Туса живёт своей жизнью, Аллу затягивают в беседу подруги. Они уходят на кухню. Я остаюсь в комнате. Мебель. Аксессуар для украшения комнаты. Или для её обезображивания? Что я мог бы с ней делать? Я из другого мира. Я живу так, как ей жить не нужно. И как она не захочет. И даже не представит себе такую жизнь. Я не могу забыть о своей жизни даже здесь, не могу переключиться на их безудержное веселье. Да и не веселят меня подобные забавы. Я скучный? Может быть. Но реальность не стереть. Они веселы, потому что не видели этого. Не думают об этом. Да и ни о чём не думают, кроме своих развлечений. Не стоит лезть в чужой мир. Надо идти домой. Там мои старики – последние, кто помнит обо мне.


 


* * *


– Эй, Алла, иди ко мне!


Подвыпивший Сеня был в ударе. Алла хоть и была пьяна и заигрывала с ним давно, старалась держать дистанцию и уходить из его объятий. Но уходить было некуда. В кухонном углу Сеня попытался её поцеловать.


– Отвали!


– Да ладно, Алла. Тебе же нравится!


– Отойди от меня!


Алла вырвалась и пошла к выходу.


– Да, ладно, успокойся! Не трогаю я тебя.


– Пошёл на х…!


– Сама иди, дура!


Холодная улица встретила ночной тьмой, кое где прореженной светом фонарей. Никто не заметил её ухода. Тусовка жила своей жизнью, район своей. Кто-то спал после работы, кто-то напивался. Мир стабильности. Она и сама здесь выросла, только в другой части района. И сейчас нужно было идти пешком, по ночным дворам этого унылого гетто.
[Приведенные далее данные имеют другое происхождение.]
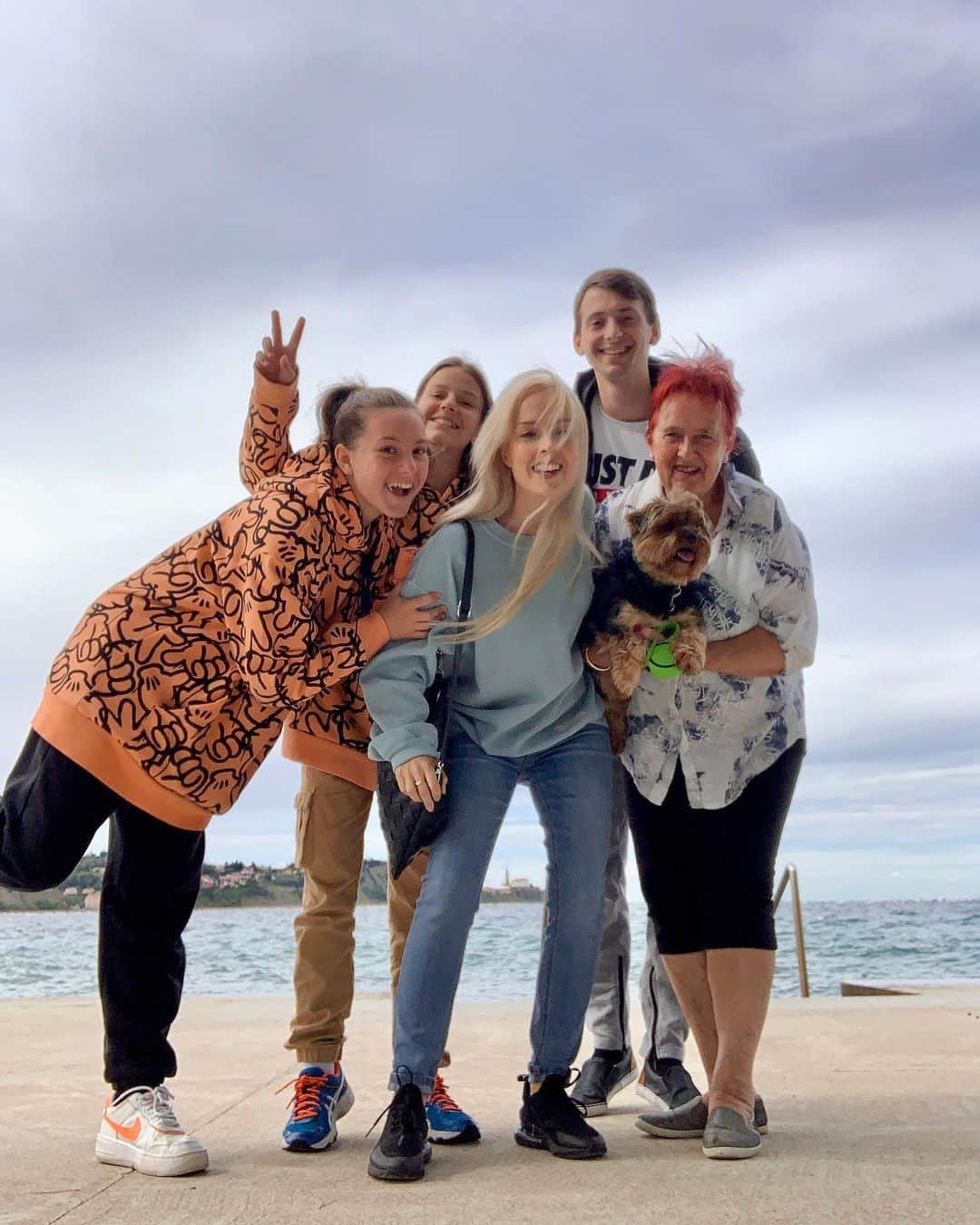 Nika Kljunのインスタグラム：「Oh, Covid-19, please go away so that my family can fly over here and we can spend some quality time together. 😭😭😭 It’s my grandma’s BIGGEST wish to see California again and spend time with her oldest granddaughter. She’s even learning English and saving every penny to visit... 📚💸 Some days I wish I had the power to fast forward time 😭 but I know that the only key to staying calm is to have faith, hope & to stay patient. If you have your family close to you at the moment, don’t take it for granted!!! 👨‍👩‍👧‍👦 . #missmyfamily #coronagoaway #awayfromhome #californialiving #stayhealthy #positivethoughts #koper #feelslovenia #sloveniatravel #familylove」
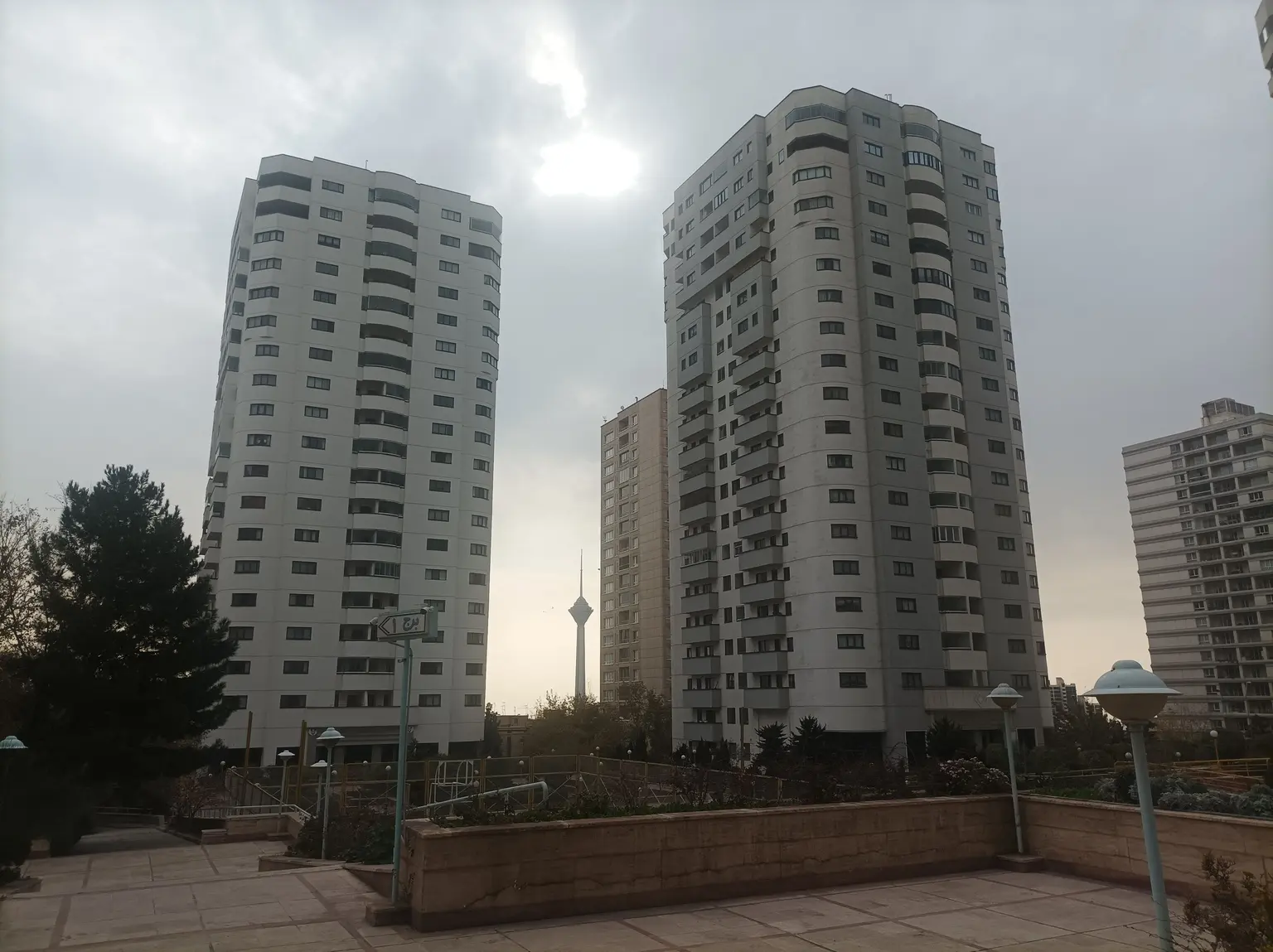 خرید برج 254 متری چهار خواب دربرج های هرمزان شهرک غرب تهران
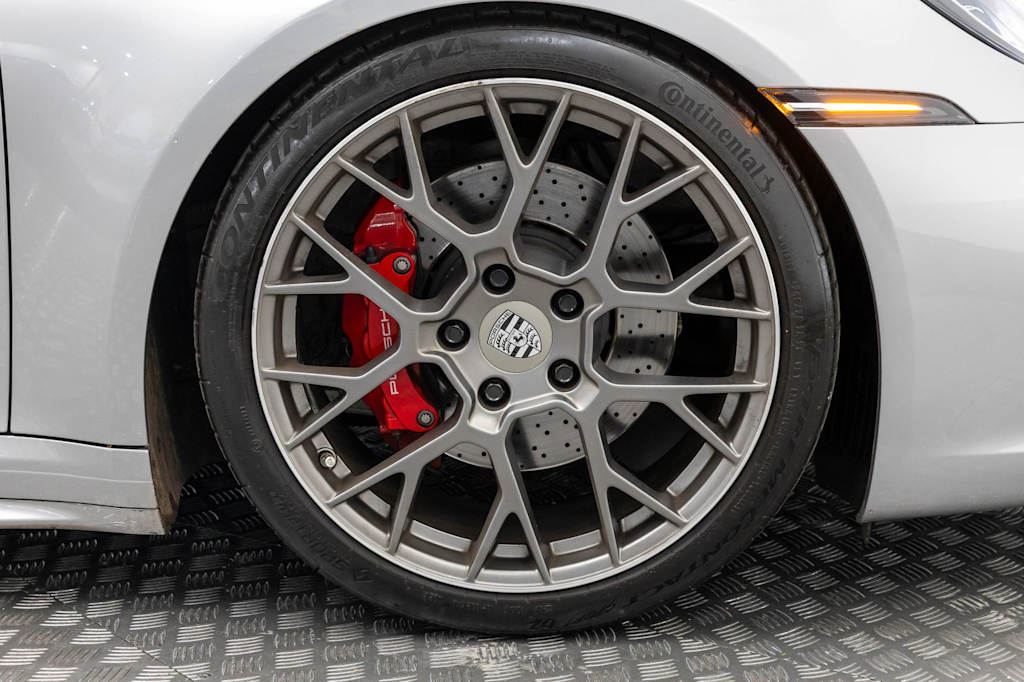 Thumbnail: 2020 Porsche 911 - 48
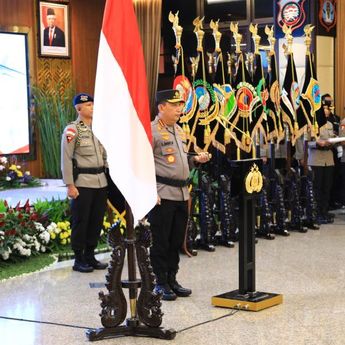 Kapolri Cek Gladi Bersih Apel Pengamanan Pengambilan Sumpah Presiden dan Wapres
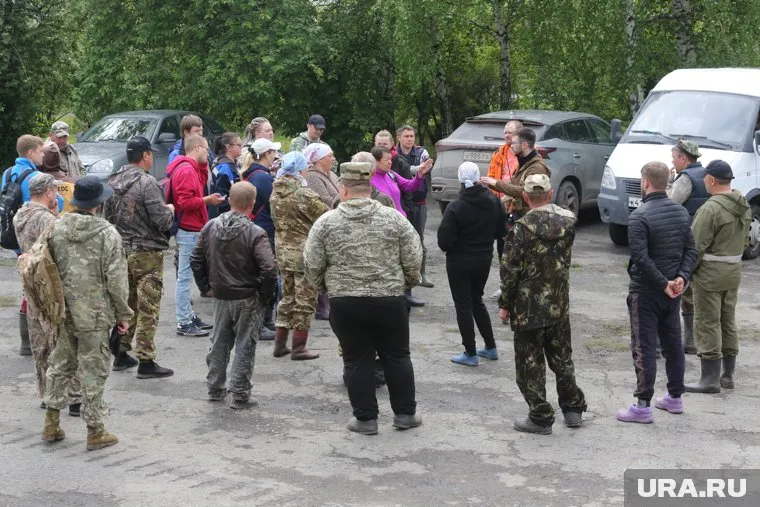 Сотри добровольцев вышли на поиски пропавших брата и сестры Крепп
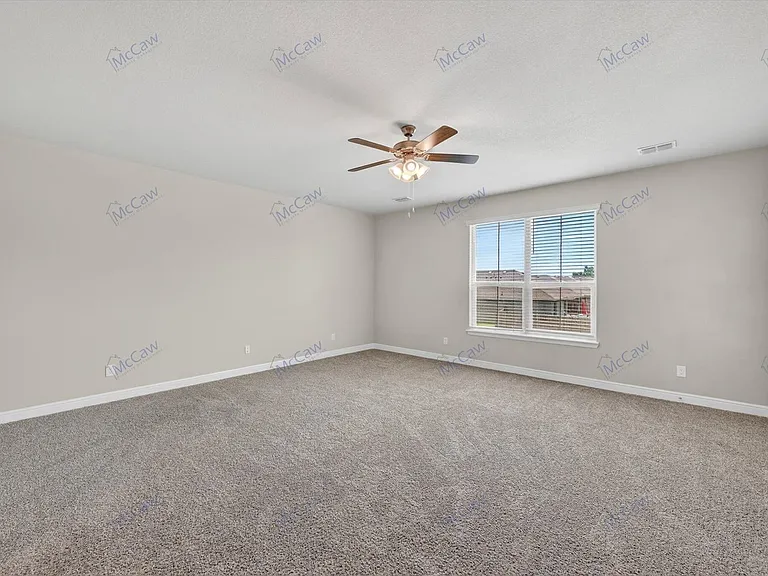 2521 Dunbarton Dr — Photo 13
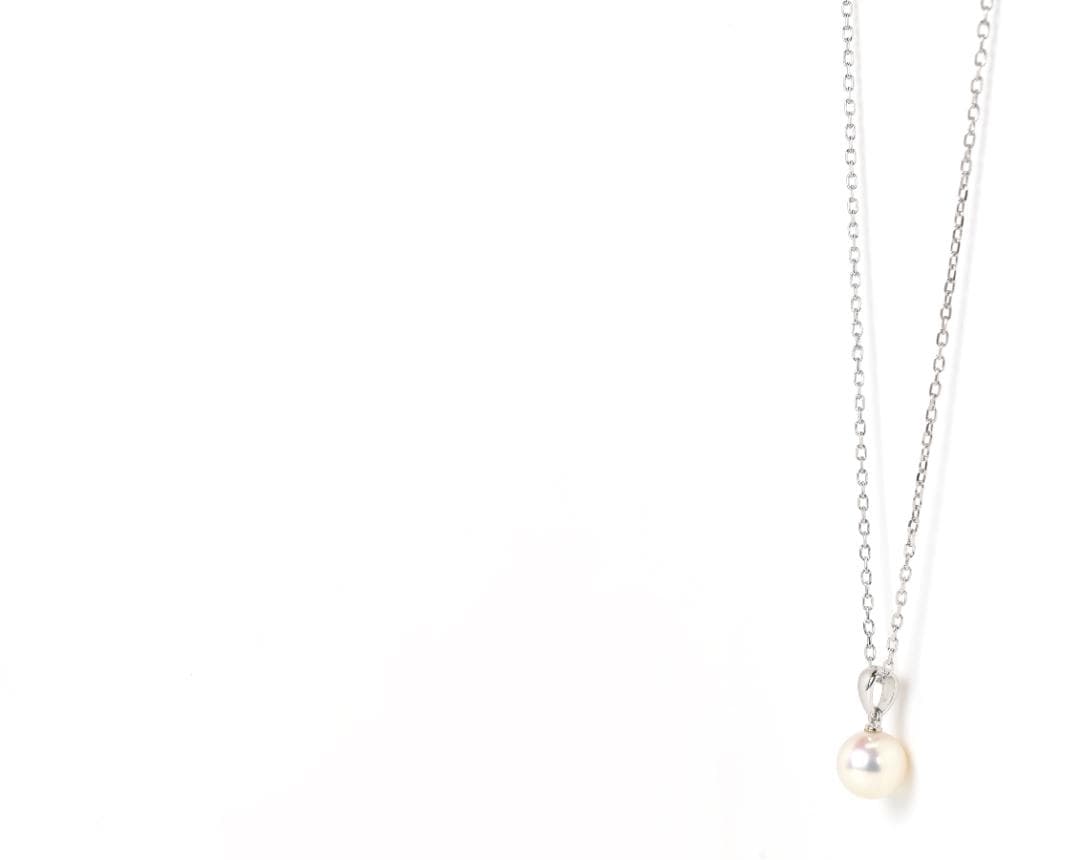 Newly restored Mikimoto white gold necklace with 7.5mm Akoya pearls and 13.4mm pendant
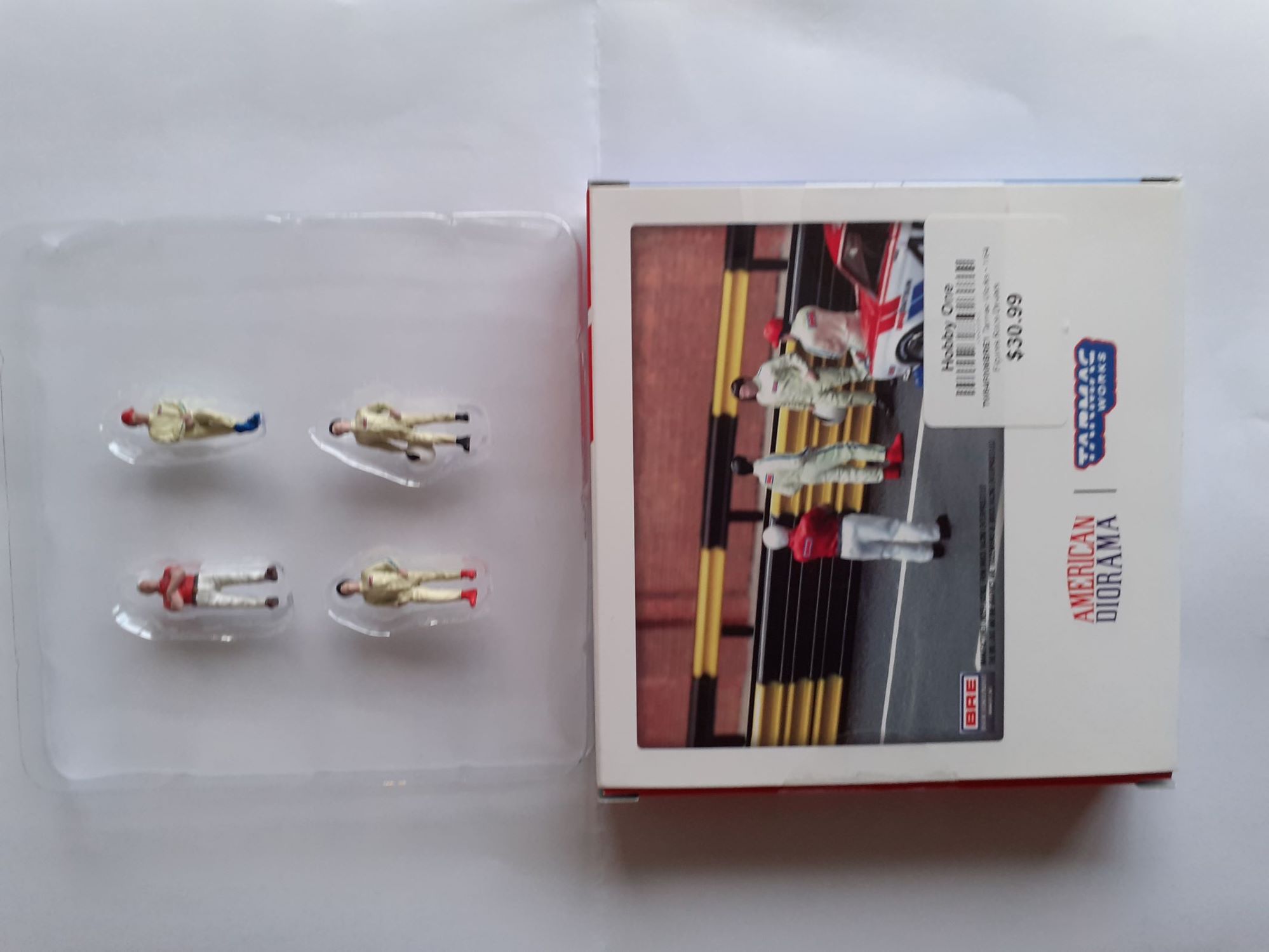 Name:  Model scene #333 AM BRE Team Datun - Nissan Mechanics 1;64 scale - case open colln Roger Dowding.jpg
Views: 557
Size:  152.9 KB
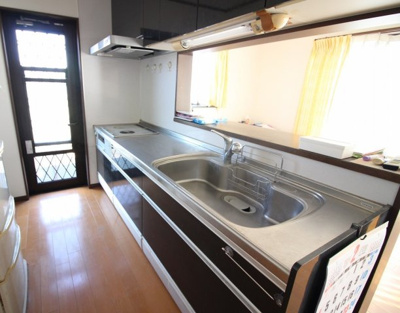 【キッチン】 | 太田市亀岡町　中古戸建 | お手入れもしやすいIHです。シンクも広くて使いやすいキッチンです♪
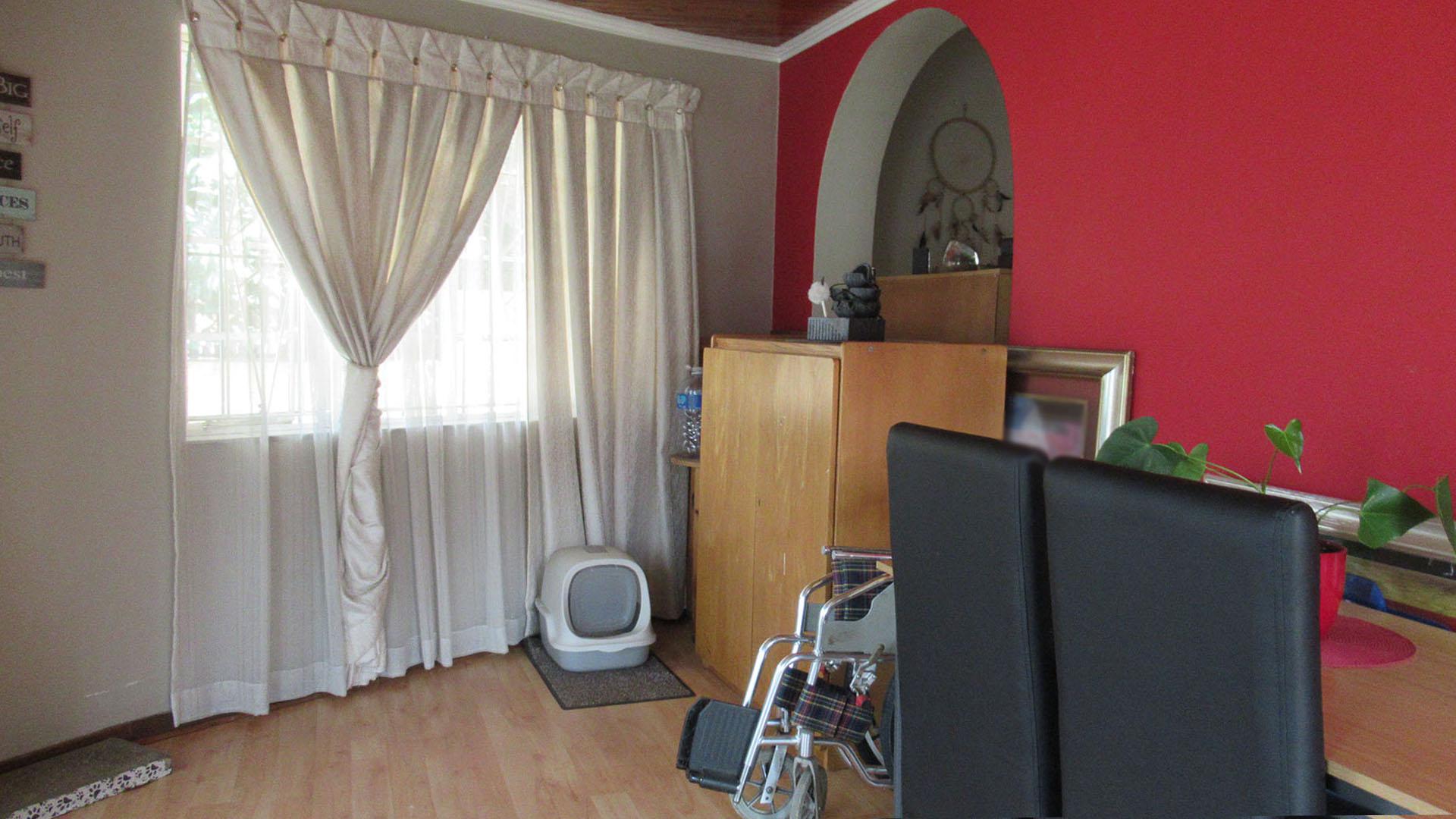 Dining Room - 16 square meters of property in Alberstville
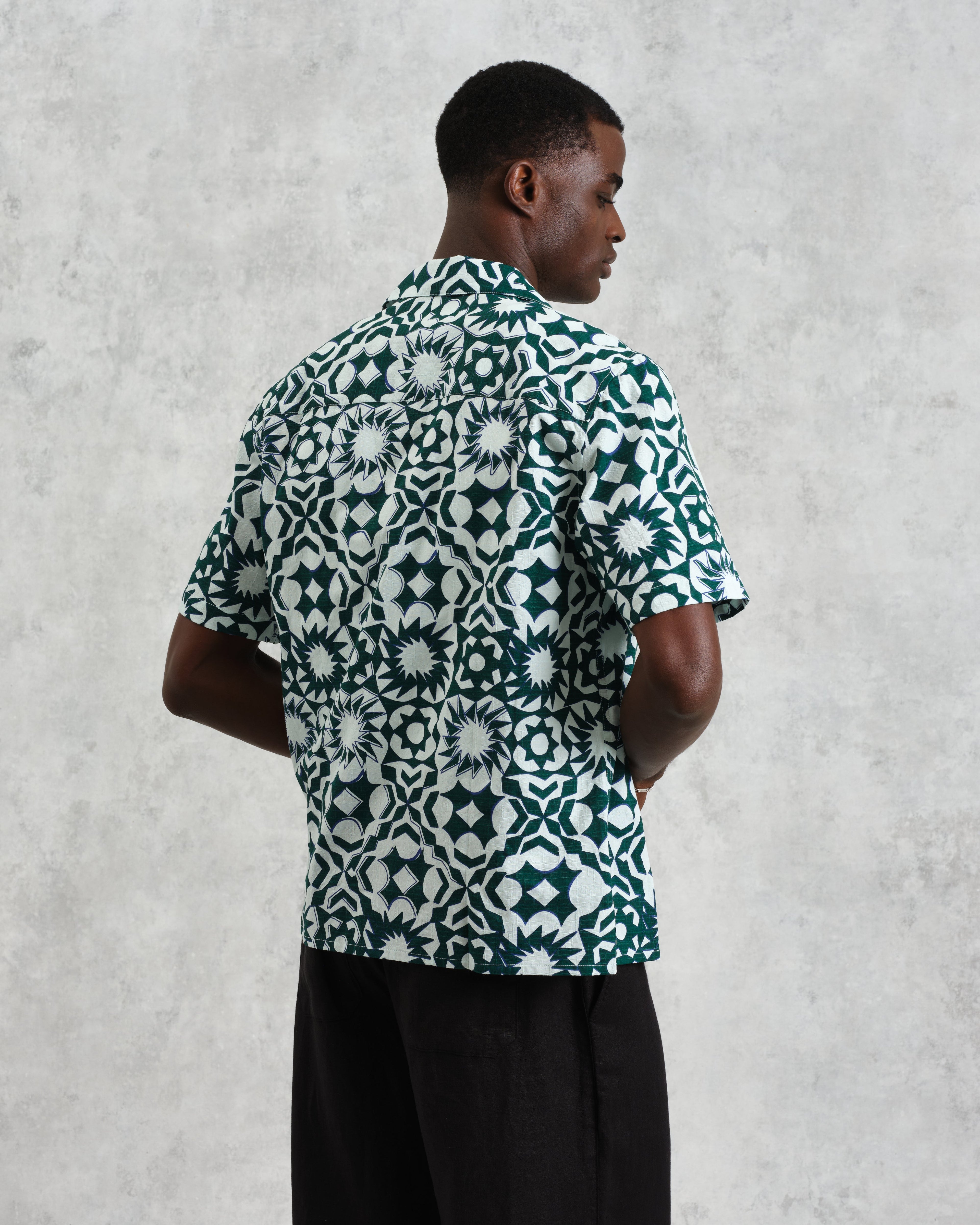 Didcot - Green And White Geometric Cotton Short-Sleeve Shirt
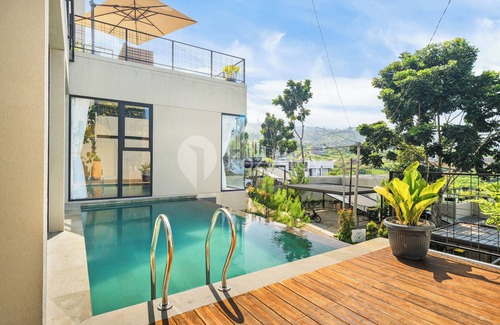 Ciburial Villa | Tabgha by Kozystay - Dago
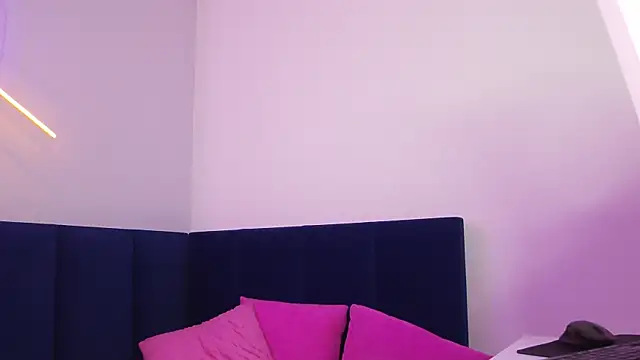 EmmaEthereal: απευθείας συνομιλία ΧΧΧ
Отвратительное настроение. Вот такие моменты всё портят. Вроде хорошие люди, друзья, подруги. А тут раз – и оказывается, что один мудак, остальным плевать. Мир будто становится искусственным домиком. И сколько таких тусовок уже было? И сколько их ещё будет? Но забудут же. Выйду из квартиры, и нет меня. А что там дальше со мной? Никому нет до этого дела. Но ничего, это мелочь. Проблемы уйдут, а жизнь продолжит радовать.


 


* * *


– Антоха, как дела? Служишь?


– Ну. А вы что, х…й пинаете?


– А чё делать. Отдыхаем после трудового дня.


– Лучше б к нам в милицию шли работать.


– Да не, чё мы там забыли.


– А чё те не нравится? Бабки платят, работа не пыльная. Или милицию не уважаешь?


– Да не, всё нормально Антоха! Мы тут с Димоном думали в Москву на заработки.


– Москвичи. Ну гоните, а то только пивчагу гасите. Дай-ка, глотну.


– О, Вовчик, смотри, какая соска!


– Опа, ништяк. Видал, Антоха.


– Девушка, давайте знакомиться!


Алла попыталась пройти мимо.


– Не понял! Почему избегаете нас? Не нравимся?


– Я спешу.


– Успеешь, подруга!


– Пусти!


– Давай её сюда. О! Сисян, что надо!


– Пустите! Помогите!


Спальнику плевать. Его жители спят в сотах. И не реагируют на крики о помощи. Здесь помощь нужна всем. И никто в неё не верит. Редкие чудеса взаимовыручки компенсируются десятками случаев предательства. Но часто между этими крайностями живёт простой страх, который парализует действия людей. Кто-то потом мучается угрызениями совести. А кто-то успокаивает себя простым и привычным – а что я могу? По-нашему не будет…


 


* * *


Брошенный мир. Он прекрасен. Здесь всего коснулся человек, но словно позабыл про эти места. И вот я в одиночестве здесь иду. Постоянно хожу. Между этих холмов вдоль железнодорожной колеи. Ритуал? Нет, просто у каждого должны быть места, где ему хорошо. Где можно отдохнуть. Странное место я для этого выбрал? Для меня в самый раз.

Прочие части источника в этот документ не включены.